Posture tracking is a deep learning process where the algorithm tracks the movement of an object. Posture-tracking algorithms monitor and analyse human body positions and movements. They differentiate between normal and abnormal activities or unusual activities. By continuously tracking and analysing body postures, these systems detect suspicious activities such as individuals loitering in restricted areas, acting aggressively, etc.

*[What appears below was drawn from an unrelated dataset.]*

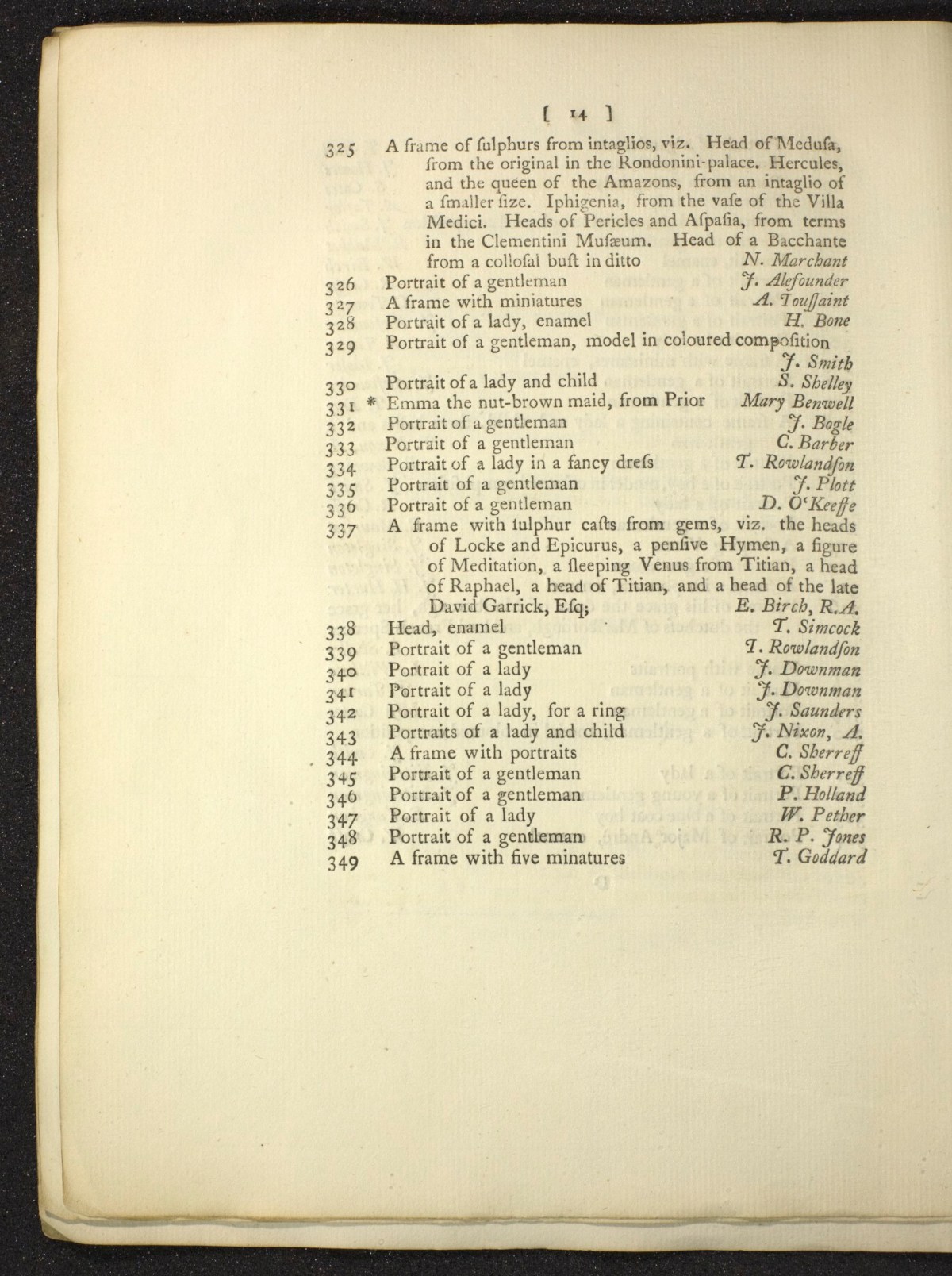 Page 14 of 29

In contemporary rail station security, the imperative to ensure passenger safety and operational efficiency is met with challenges in swiftly identifying potential threats or unusual activities within vast and busy environments. Traditional surveillance systems often struggle to provide real-time insights, leading to delays in threat detection and resource allocation. While existing research has explored various deep learning algorithms, such as SSD and Faster R-CNN, for weapon detection, centralised crime management systems, and real-time incident captioning, there remains a need for an integrated approach that combines advanced machine learning techniques to address the limitations and gaps observed in current methodologies.

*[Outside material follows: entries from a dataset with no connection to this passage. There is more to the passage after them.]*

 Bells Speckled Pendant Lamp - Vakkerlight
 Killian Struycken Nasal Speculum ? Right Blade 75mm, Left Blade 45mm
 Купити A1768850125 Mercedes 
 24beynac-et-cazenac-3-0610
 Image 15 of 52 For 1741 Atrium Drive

The primary challenges include the tradeoff between speed and accuracy in weapon detection, the lack of explicit algorithms mentioned in centralised crime management systems, and the need for more precise human action detection in crowded environments. Furthermore, existing methodologies may not fully leverage posture tracking for comprehensive human activity analysis. There is also a notable gap in addressing the limitations of current research, highlighting the need for an improved, adaptive, and efficient surveillance system in rail stations.

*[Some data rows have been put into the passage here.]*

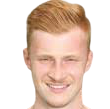 https://img.ytdes.com/img/football/player/f64c9dc9b172c5f07bbf4b4c462899b8.png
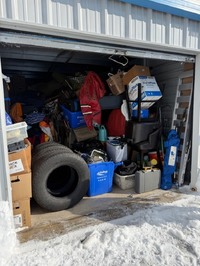 
Warning: Undefined array key 3 in /var/app/current/includes/bottomAuctionsClosingSoon.php on line 235
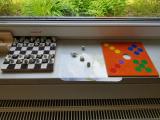 Spielewerkstatt
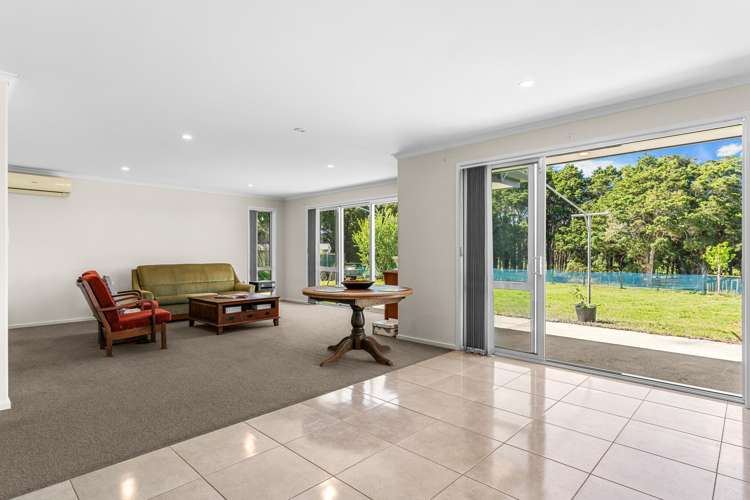 148 Malone Road Kokopu_14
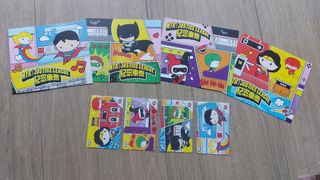 （分類：）位於 。 由 mifyip 提交（商品編號 1374976780，圖片 1）。簡介： 。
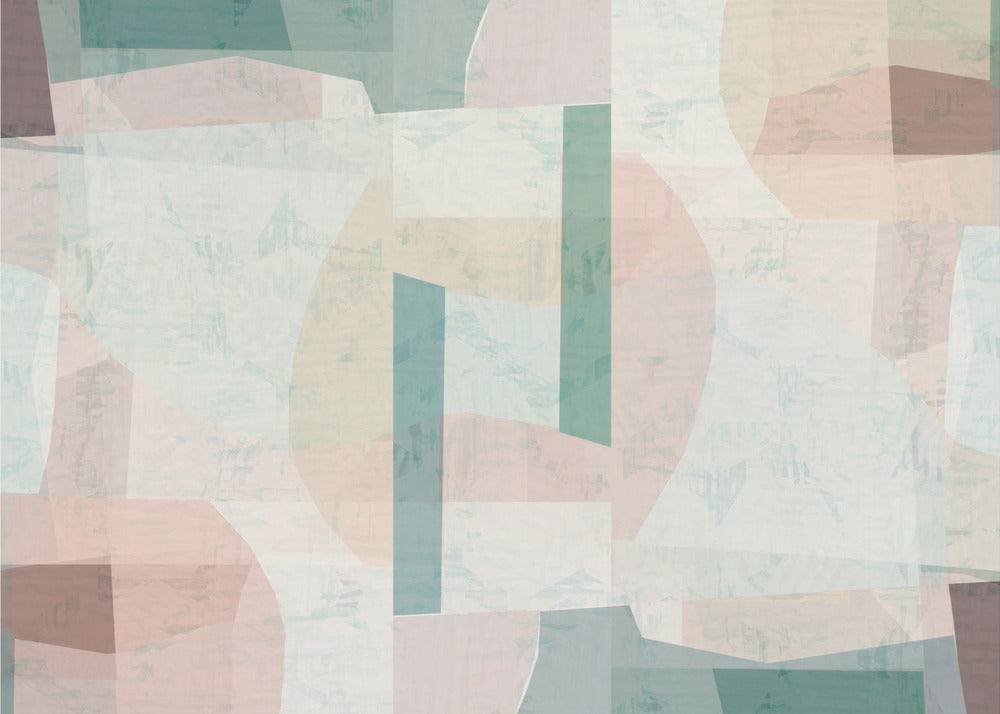 Elementares Gleichgewicht 2 | Poster
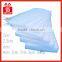 closed cell cross linked polyethylene foam 1meter*1meter*80mm
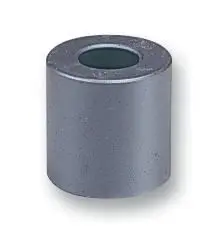 Multicomp Pro Ferrite Core Cylindrical 140 Ohm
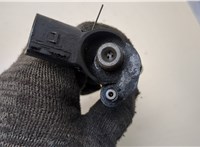  Форсунка топливная Hyundai Santa Fe 2005-2012 20374360 #3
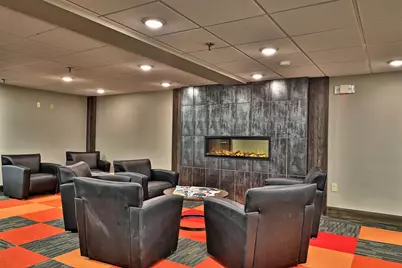 135 East Mountain Road #1F5, Killington, VT 05751 - Photo 33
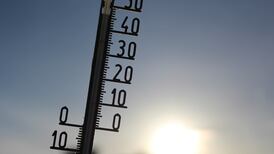 ENTREVISTA | MeteoChile y verano 2023: Temperaturas alcanzarían "valores sobre lo normal en la Región Metropolitana"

Hence, the problem at hand is to enhance rail station security by developing a comprehensive and integrated surveillance system that employs advanced machine learning algorithms for posture tracking, human action detection, and activity captioning. This system aims to overcome the limitations of existing methodologies, providing a more accurate and efficient means of identifying potential threats, distinguishing between routine and abnormal activities, and ensuring real-time alerts for immediate intervention by security personnel. The goal is to create a holistic solution that optimises resource utilisation, minimises false alarms, and fosters a safer and more efficient travel experience for all commuters in rail stations.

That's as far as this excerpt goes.